Brexit vote does not spell end of EU, insists Italian PM
The Brexit vote is not the end for the EU, Italian Prime Minister Matteo Renzi has pledged as he held talks with his German and French counterparts on the future of the European project.
Smaller EU countries, such as Ireland, weren't involved in the gathering of the Eurozone's three big economies, although all 27 remaining member states will gather for an informal summit next month in Slovakia.
Mr Renzi hosted German Chancellor Angela Merkel and French President François Hollande off the coast of Naples, on an island where two Italian intellectuals wrote a manifesto in the wake of World War II calling for European political integration.
The political fallout from the Brexit vote enjoyed a brief lull over August after the frenzied activity that saw the unveiling of a new British Prime Minister, a new Cabinet and a shake-up in Whitehall.
The symbolic meeting yesterday of the three leaders on the island of Ventotene begins the groundwork for an informal summit of all European nations, bar the UK, in Bratislava next month, where the future of the European Union post-Brexit will be discussed.
Following their meeting, the three leaders addressed the press on an Italian aircraft carrier, where Mr Hollande acknowledged the vote in the UK on June 23 had led to uncertainty.
He said Europe could have a future of "unity and cohesion" but warned EU leaders and citizens against retreating into nationalism.
Mr Renzi said Brexit was not the end of the European Union. "A lot of people thought that after Brexit, it would be over for Europe.

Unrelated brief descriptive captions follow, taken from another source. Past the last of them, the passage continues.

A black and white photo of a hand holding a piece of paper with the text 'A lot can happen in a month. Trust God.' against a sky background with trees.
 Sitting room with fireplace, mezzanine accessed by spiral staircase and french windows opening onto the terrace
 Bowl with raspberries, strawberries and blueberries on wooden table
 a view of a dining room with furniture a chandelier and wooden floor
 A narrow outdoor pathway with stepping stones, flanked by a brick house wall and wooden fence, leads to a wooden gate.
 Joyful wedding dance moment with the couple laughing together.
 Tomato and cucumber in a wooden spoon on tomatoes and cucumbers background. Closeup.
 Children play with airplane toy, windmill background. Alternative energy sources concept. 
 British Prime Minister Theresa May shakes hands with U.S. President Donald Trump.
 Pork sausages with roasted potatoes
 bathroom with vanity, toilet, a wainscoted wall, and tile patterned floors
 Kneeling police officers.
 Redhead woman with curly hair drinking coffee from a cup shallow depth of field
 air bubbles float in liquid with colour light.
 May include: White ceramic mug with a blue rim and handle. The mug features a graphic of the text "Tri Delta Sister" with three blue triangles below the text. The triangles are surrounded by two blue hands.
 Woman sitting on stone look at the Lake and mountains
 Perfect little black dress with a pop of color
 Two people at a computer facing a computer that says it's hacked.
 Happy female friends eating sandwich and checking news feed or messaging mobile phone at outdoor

That's not the case," Mr Renzi said.
The Italian prime minister said European leaders wanted to write a new chapter for the EU.
European Council president Donald Tusk will visit Dublin next month for Brexit-related talks with Mr Kenny, ahead of the informal summit in Bratislava. Mr Tusk will meet with Mr Kenny, before flying to London for talks with Ms May, as part of a tour of European capitals.
The Bratislava summit is due to take place on September 16 to discuss European reform in the wake of the Brexit vote.
Ahead of the meeting, Mr Renzi said Europe needed to invest in defence, education and culture while breaking free of bureaucratic rules.